Uma publicação no Instagram do Afrolink, um site português de ação afirmativa, provocou a suspensão de um programa de pós-graduação numa universidade lisboeta e repercutiu Europa afora. O conteúdo criticava o curso “Pós-Graduação em Racismo e Xenofobia”, oferecido pela Faculdade de Direito da Universidade Nova de Lisboa em parceria com o Observatório do Racismo e Xenofobia, uma entidade governamental. A postagem era ilustrada com os retratos dos professores do programa —todos brancos.
“As reações foram compreensivelmente indignadas, e a universidade e o observatório retiraram a página do curso no mesmo dia”, diz Paula Cardoso, fundadora do Afrolink. Nascida em Moçambique e com cidadania portuguesa, ela diz ter examinado detalhadamente o programa do curso e constatado o que chama de absurdos, além da falta de diversidade no corpo docente. “Um dos módulos tinha o título: ‘Mas o racismo existe mesmo?’. Ora, para quem sofre isso na pele todos os dias a pergunta é no mínimo insultuosa.“
Procurados pela Folha, o Observatório do Racismo e Xenofobia e a Universidade Nova não responderam até a publicação desta reportagem.
Margarida Lima Rego, professora da Nova, disse à agência de notícias Lusa: “Entre o momento da aprovação do curso e o da sua operacionalização ocorreram diversas alterações. A principal foi a indisponibilidade de alguns formadores em lecionarem na pós-graduação. Isso motivou ajustes no programa, que acabou por não refletir os princípios da diversidade e inclusão.”

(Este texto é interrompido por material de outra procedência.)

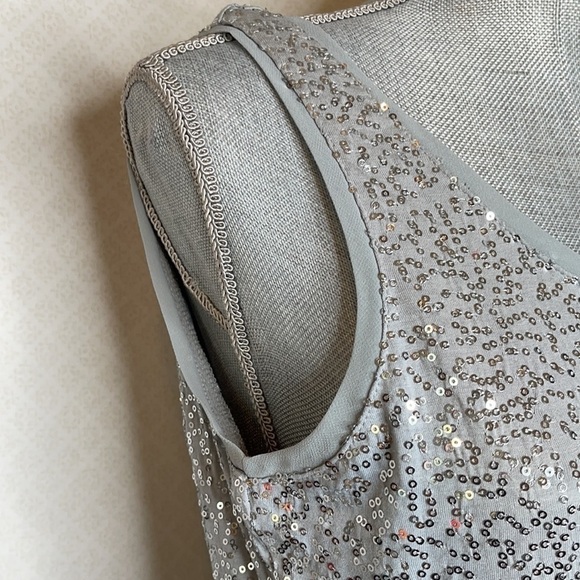 LYNN Ritchie Silver Sequins Sleeveless Tank / Blouse Size Small - Picture 5 of 9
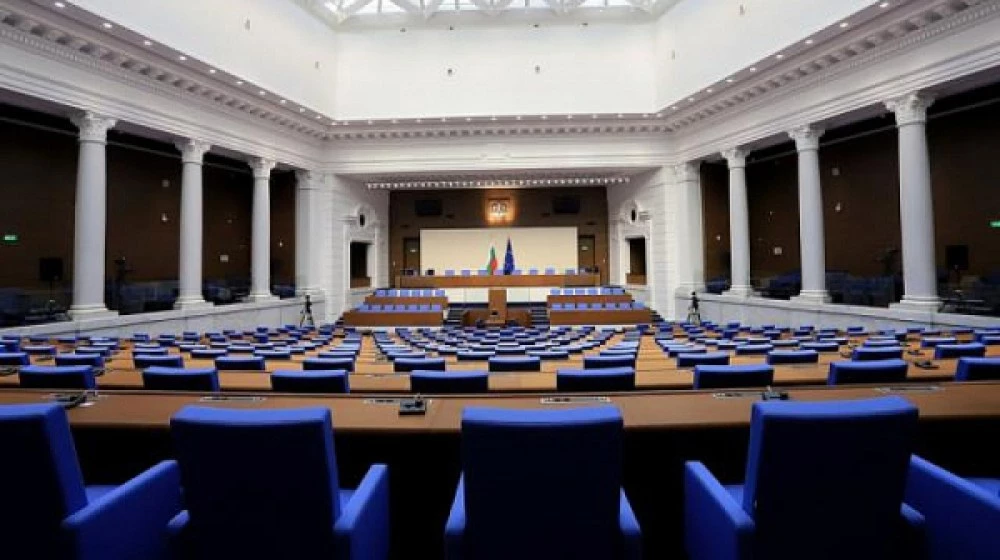 Парламентът за трети пореден ден не събра кворум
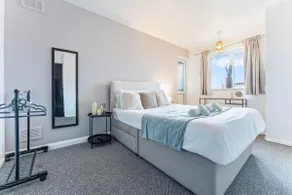 Spacious 3 Bedroom Apartment | Sleeps 8 - Image 2
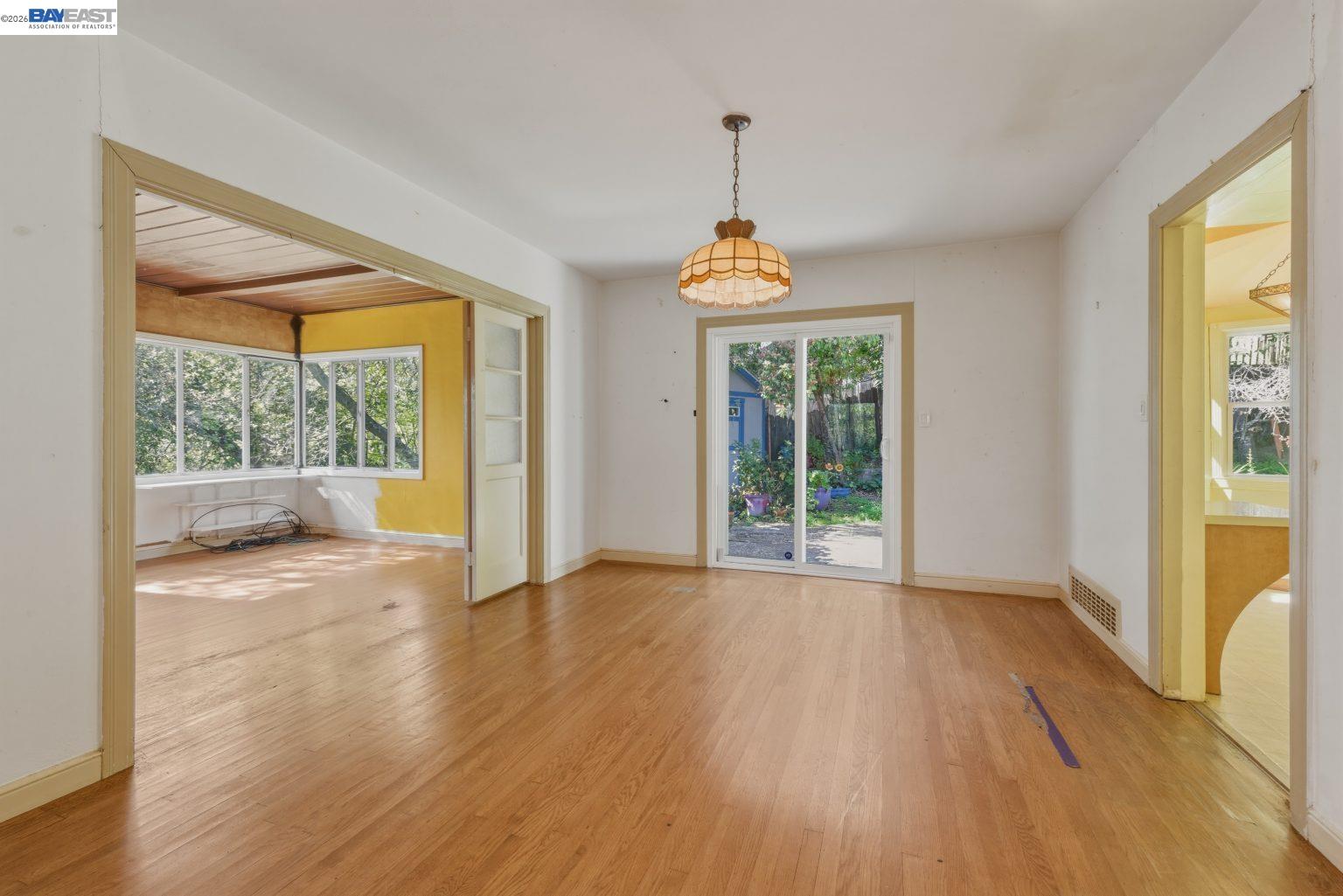 Detail Gallery Image 9 of 44 For 3890 Serrano St, Martinez,  CA 94553 - 3 Beds | 2/1 Baths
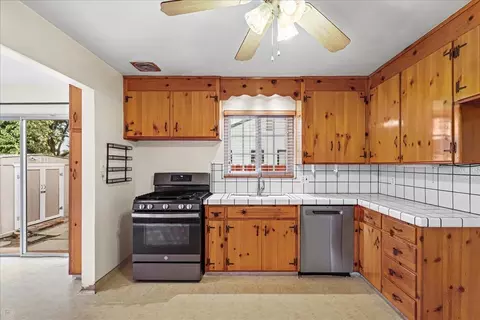 205 W Kent St, Manteca, CA 95337 photo 18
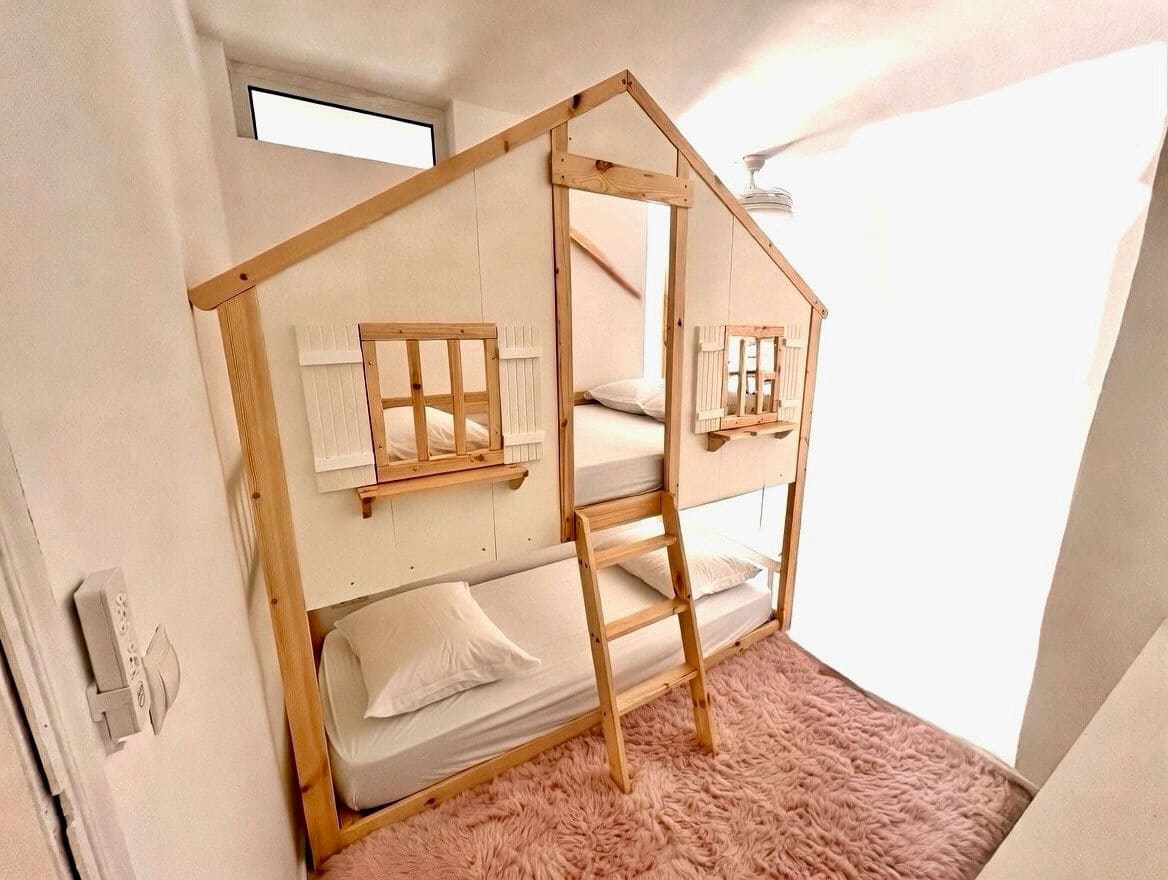 4 makuuhuone Maalaistalo vuokrattavana paikassa Cala Llonga mukana uima-altaan 
autotalli - 10 000 € (Ref: 9795199)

O episódio —e a própria criação do Observatório do Racismo e Xenofobia— ilustra a relação dos portugueses com o tema, que é um tabu no país. Cardoso afirma que a expressão “racismo estrutural” apareceu pela primeira vez num documento oficial português em 2021, quando o governo do socialista António Costa criou o Plano de Combate ao Racismo e à Discriminação. A criação do Observatório foi uma recomendação do Plano; ele foi instalado em 2023 na forma de um projeto acadêmico, em parceria com a Faculdade de Direito da Nova.
“Foi um projeto que nasceu torto”, diz a portuguesa Myriam Taylor, ativista na área de diversidade e direitos humanos. “As posições de comando sempre foram ocupadas por brancos, como se a palavra observatório significasse pessoas brancas observando o racismo. Na universidade ninguém achou estranho, porque em Portugal foi normalizado o fato de que não existem pessoas racializadas em espaços de poder, e a universidade é um espaço de poder.”
Para Taylor, esse comportamento em relação ao racismo tem origens históricas. A ditadura salazarista, que oprimiu Portugal entre 1933 e 1974, propagou a ideia de que não havia racismo no país e que a colonização portuguesa havia sido benigna.
O ditador António de Oliveira Salazar se inspirou no conceito de lusotropicalismo criado por Gilberto Freyre. Para o sociólogo brasileiro, os portugueses estavam acostumados à diversidade pelo fato de a península ibérica ter sido ocupada por inúmeros povos. Assim, não seriam racistas, em comparação com ingleses e americanos. Freyre chegou a viajar a Portugal e a vários países africanos a convite de Salazar.
Paula Cardoso, do Afrolink, retoma ainda uma conversa que diz ter tido com Ana Catarina Mendes, ministra do governo de António Costa, pouco depois do lançamento do Plano de Combate ao Racismo e à Discriminação. “Ela me perguntou o que era racismo estrutural e ficou surpresa quando eu disse que havia negros que eram discriminados no mercado de trabalho quando colocavam a fotografia no currículo”, diz Cardoso. “A ideia de que não há racismo em Portugal dificulta um debate sobre questões importantes do país e sobre nossa história.”
O site da Faculdade de Direito da Nova tem uma aba específica sobre o tema “diversidade e inclusão”. Lê-se no portal que “a inclusão e a igualdade de gênero são considerações fundamentais na composição de comissões internas, júris, painéis e outros órgãos”.
Ao menos no caso do curso que acabou suspenso essa consideração não foi observada.